Sweden – ChromaWay is developing a concept to test the possibility of running housing purchases using blockchain and smart contracts. The project is still in its exploratory phase.  

Georgia – The Exonum framework is being used to transfer the Georgian land registry onto a blockchain, securing land titles from tampering and providing a time-stamped and sealed copy of the data.  

Voting could also be revolutionised by blockchain, particularly in countries with high levels of corruption where voting processes are often subject to fraud. With FollowMyVote, for example, voters install a digital voting booth on their computer, submit their identification and get verified with voter registries. They can then submit their ballot to a blockchain-based ballot box while remaining anonymous using private keys.  

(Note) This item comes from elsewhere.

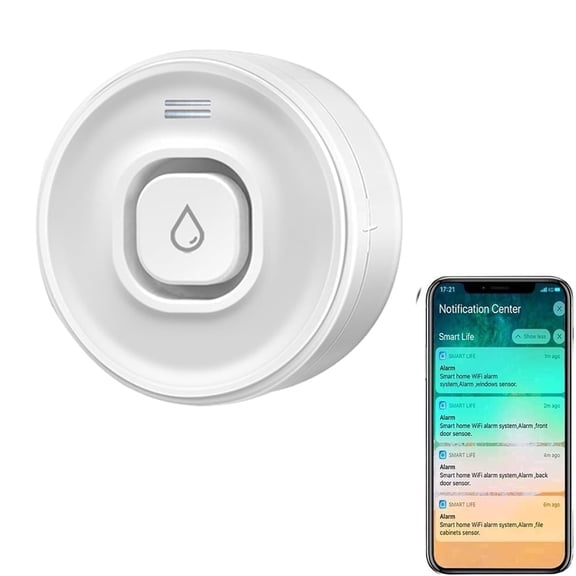 WiFi Water Leak Detector for Home, 100dB Water Sensor Alarm with Smart Life/Tuya App Alerts, No Hub Required, for Basement, Sink, Washer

Some pilot programmes are testing the viability of blockchain in transactions for distributing humanitarian aid. In 2017, the World Food Programme (WFP) began distributing food vouchers at a refugee camp in Jordan using the Ethereum blockchain. Food vouchers are assigned to refugees, who access them in supermarkets inside the camp using biometric data. So far, the WFP has transferred over US$1.4 million in food vouchers to 10,500 refugees, and plans to extend the programme to 100,000 refugees in 2018. The blockchain-based pilot project runs more efficiently and provides better security against fraud than traditional systems.  

Several organisations are working to use blockchain technology as they digitalise supply chains. Everledger is a global registry for diamonds that run on a blockchain. It registers a unique ID for each diamond, starting in the mine. This system is meant to combat counterfeiting and stop the spread of conflict diamonds. IBM is running several projects aimed at creating blockchain-based supply chain management systems.  

One of the most cited blockchain applications are smart contracts. These are contracts written in code instead of text and are signed by digital signatures and automatically implemented. Audits and safeguards can be coded into a smart contract and cannot be altered without consent, which could in theory limit the scope for fraud and corruption. This makes smart contracts potentially applicable to several areas of government contracting, especially with regards to limiting manipulation during public procurement processes. Like other blockchain transactions, the process cuts out the middle men.  

Early days

As many observers hail the advent of the blockchain revolution, significant challenges remain to using blockchain technology for securing government data, formulating smart contracts, managing supply chains, or keeping track of cross-border money flows.

While the potential for using blockchain in this context is significant, it will probably take years for the technology to mature to widespread use. In the meantime, the risks of cryptocurrencies enabling illicit financial flows cannot be overlooked.

Peril and promise, it seems, are two sides of the same digital coin.